Chesney RhoadesMajor

History with Secondary Social Studies Teaching Licensure

Bio

“It was thrilling to add my voice to this historical conversation. It absolutely was the defining experience for me at Marymount.”

In the summer of 2015, Chesney Rhoades found herself a Civil War exhibit curator at Manassas Museum in Virginia. Her road to this honor started the summer of 2014 when she embarked on a multi-disciplinary research project selected for DISCOVER, a Marymount program which funds undergraduate research grants. 

Partisans among Playmates: American Childhood in the Civil War is a broad picture of the representations of the Civil War in juvenile literature for the past 150 years. A history of childhood as well as a children’s literature survey, Chesney’s research explores the evolution through each era of how the war was understood and imagined by generations in the context of its ongoing social and racial impact.

The four part exhibit spans the Civil War years and the three subsequent 50-year eras.
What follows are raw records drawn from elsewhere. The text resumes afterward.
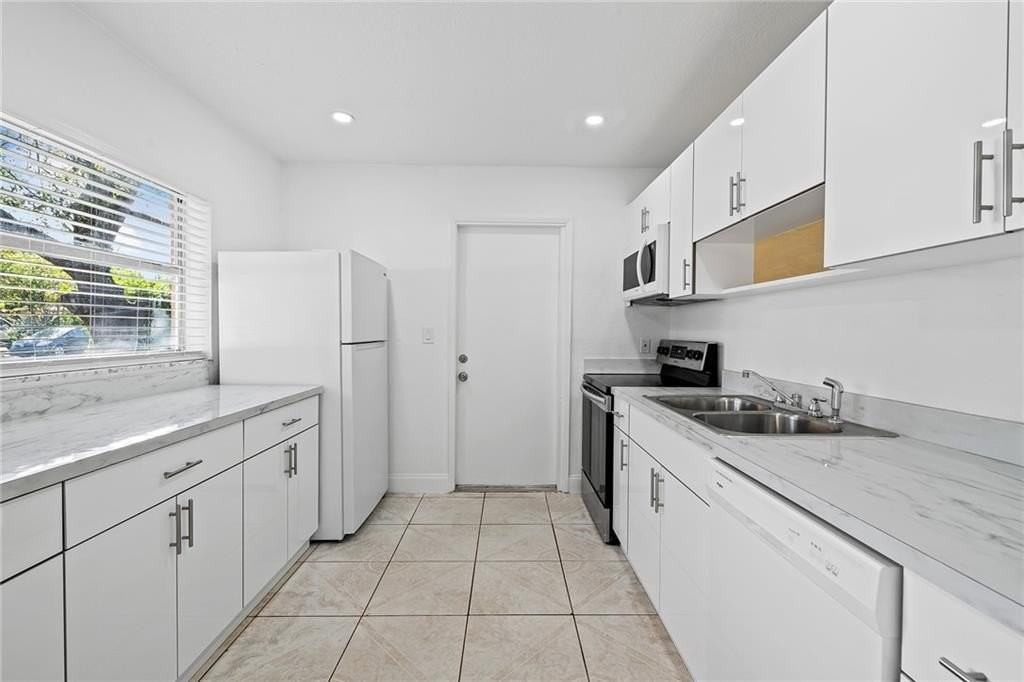 583 Nw 17th Pl #A - Photo 3 of 14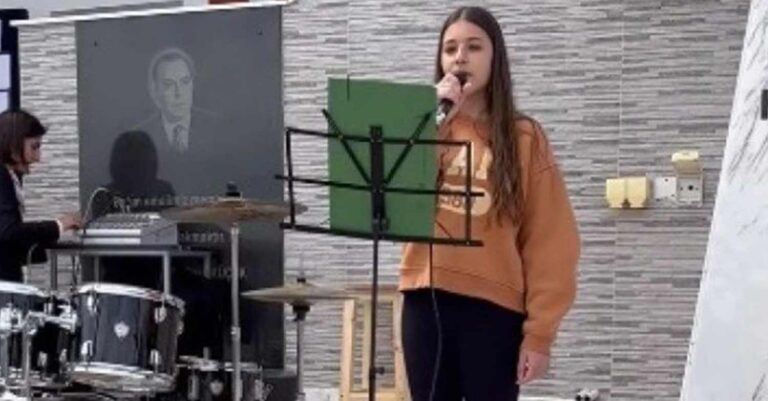 Τουρκοκύπρια μαθήτρια τραγουδάει άψογα Χαρούλα Αλεξίου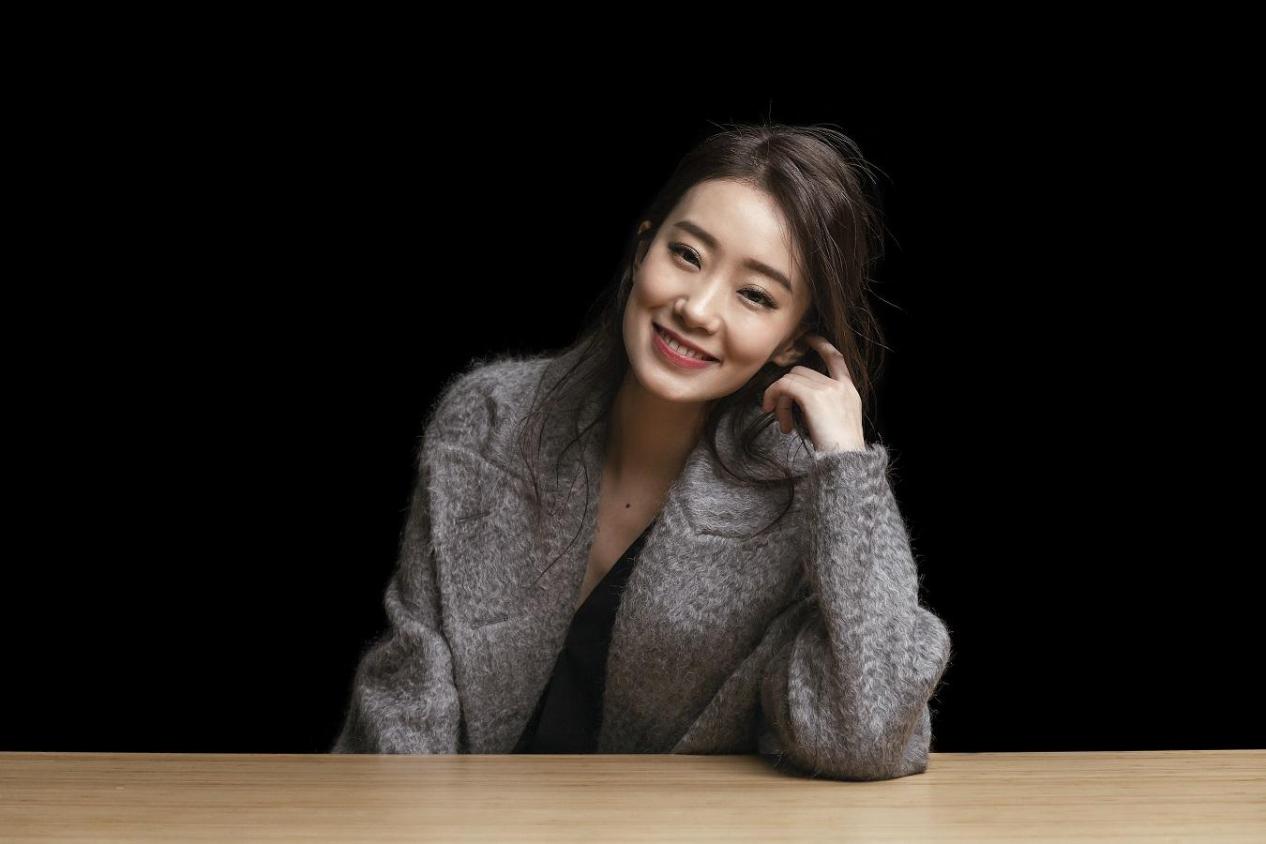 贾玲|冯巩带她上4次春晚，怎么都捧不红，谁知贾玲一带便火遍全国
The content comprises five representative books from the well over 500 that Chesney sourced in her bibliography, artifacts – toys and games of the era – and primary sources, such as letters written by children living in the North and South during the Civil War.
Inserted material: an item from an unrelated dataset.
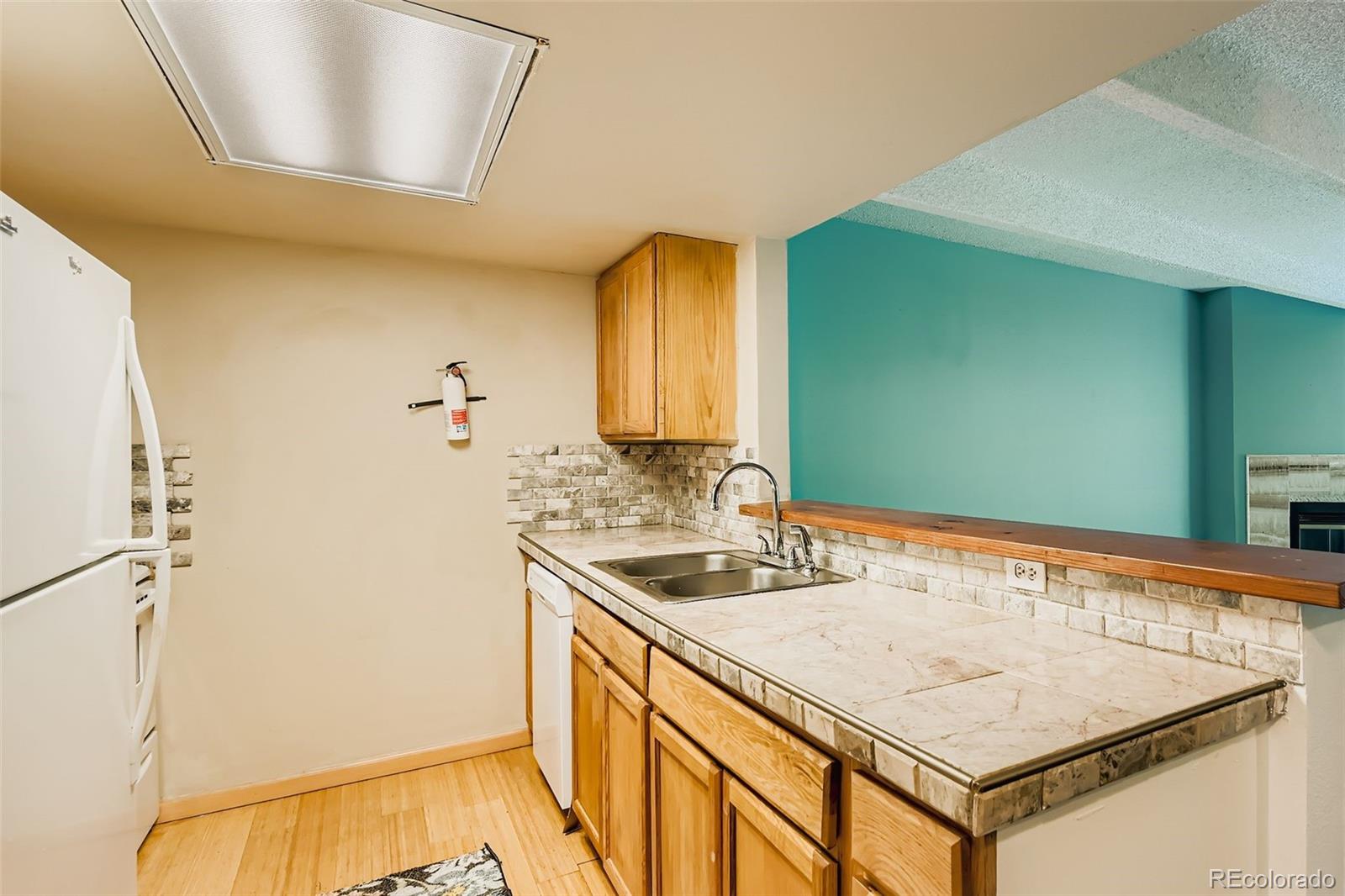 1011 S Ironton Street Aurora CO 80012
A children’s literature course with English professor Dr. Robert Otten sparked an interest in the topic, which happened to coincide with one of his areas of research.“Dr. Otten and I researched independently, but also in tandem for part of it, so it felt more like working with a colleague. I would not have been able to undertake this scope of independent research as an undergrad at a larger school. The research immersion has well prepared me for graduate work.” 
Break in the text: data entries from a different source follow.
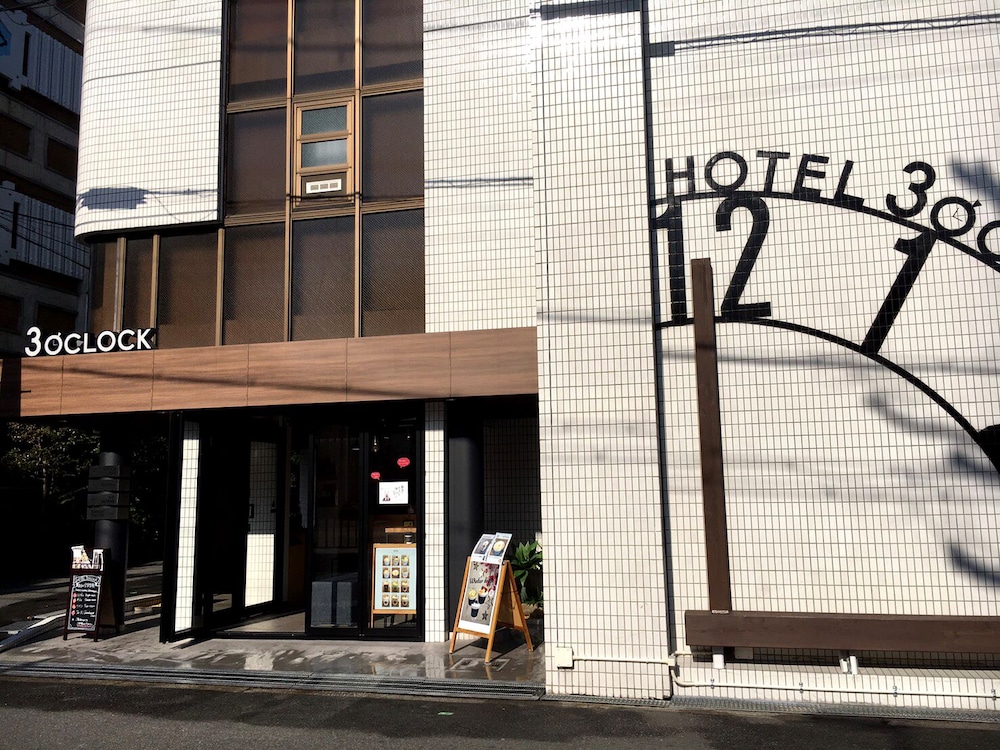 HOTEL 3o'clock TENNOJI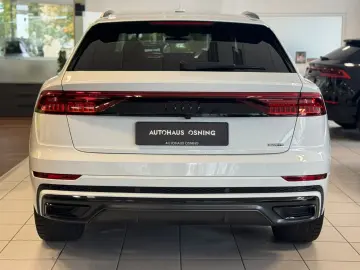 Q8 60 TFSIe S LINE NAVI K-360 B&O S-CLOSE 22ZOLL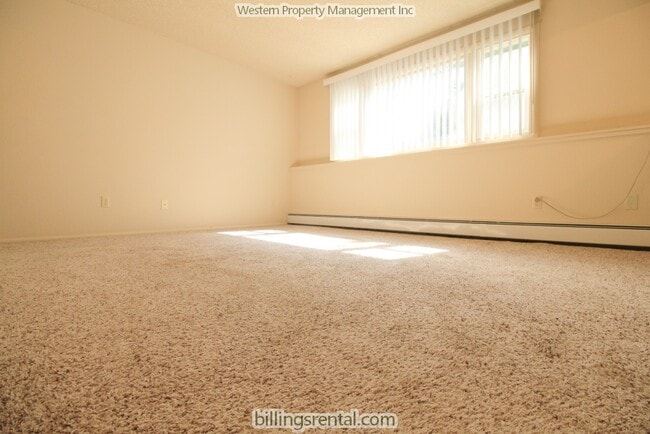 Living Room - 1217 Yellowstone Ave Unit #C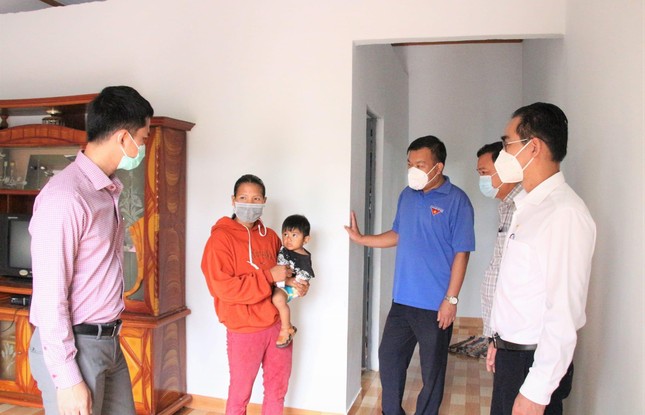 Tỉnh đoàn Đắk Lắk tặng nhà tình nghĩa cho gia đình khó khăn ảnh 2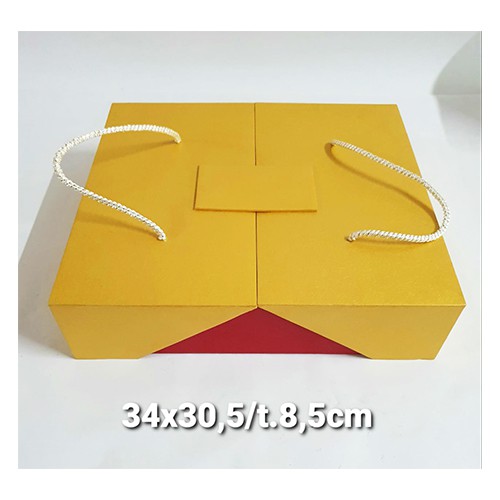 

Box Kado/Box Hampers/Packaging Aksesoris Merah dan Gold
“I knew from the start I wanted to create an exhibit from the research, rather than a paper, because it would be more accessible and engage more people than an academic paper,” she adds. Chesney had a second faculty mentor in Dr. Mark Benbow, assistant professor of history, who has a specialty in public history. “Working with Dr. Benbow allowed me to dig deeply into the mechanics of creating a museum-calibre exhibit.”

Chesney takes her unabashed passion for history, and the storytelling that enlivens it, into her high school classrooms at Walsingham Academy in Williamsburg, Virginia.